Refusing to become mired in the past requires discipline. But fortunately for Sanford, the present is a good place to be. In 2012, Sanford was named to the California Vintners’ Hall of Fame—the first Santa Barbara winemaker to earn the honor. He and Thekla live in a beautiful home in an organic vineyard with a breathtakingly scenic area. In 2014, the Sanfords sold Alma Rosa to investor Robert Zorich, leaving them debt-free while allowing Richard to focus on the part of the business he cares about—grape-growing and winemaking. Alma Rosa continues to rack up awards.

Recent plantings have expanded Alma Rosa’s estate vineyard to 50 acres, and the label just unveiled a new winemaking facility in Lompoc—an interim space for winemaker Nick de Luca—while plans for an estate winery building work their way through permitting and construction. Vineyard manager Martin Hernandez, who oversaw the original Sanford and Benedict vineyard in 1975, was lured back to nurture the new all-organic plantings.

While long hours are dedicated to building up Alma Rosa, Sanford and daughter Blakeney have carved out time for a father-daughter home-distilling hobby with ties to the Mission era, and the first wine grapes grown in California.

“It’s a little project with my daughter, our neighbor Jim Poett, and his daughter Elizabeth,” Sanford said.
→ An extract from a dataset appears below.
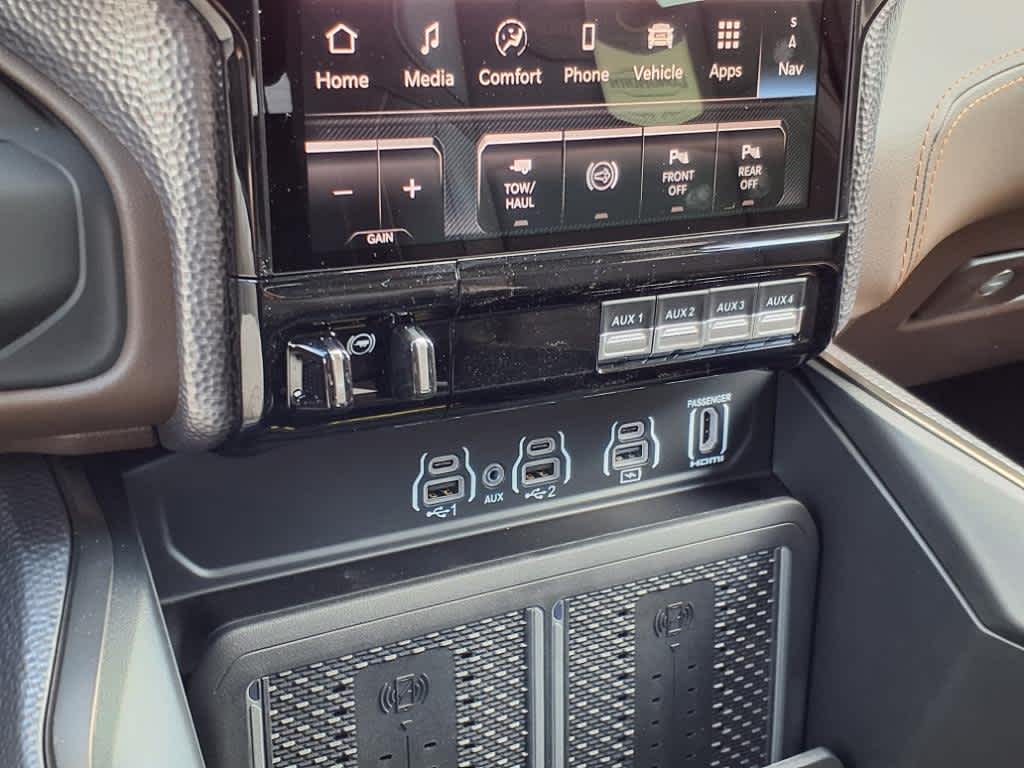 2025 RAM Ram 2500 RAM 2500 LIMITED LONGHORN MEGA CAB 4X4 6'4' BOX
Genetic testing of very old vines found on the Poetts’ Rancho San Julian property confirmed they are Mission grapes—original vines planted by the Franciscan padres or direct descendants of those vines. The father-daughter group successfully propagated cuttings from the mother vines and grew them to fruition.

He’s circled back to the beginning, but this time embracing what he first ignored.

“We’ve planted a little vineyard and are making brandy from the grapes,” Sanford said. “The historical aspect,” he adds, “is very interesting.” 

Maria Gaura was raised in Silicon Valley and now lives in Santa Cruz with her husband, daughter, and various dogs and cats.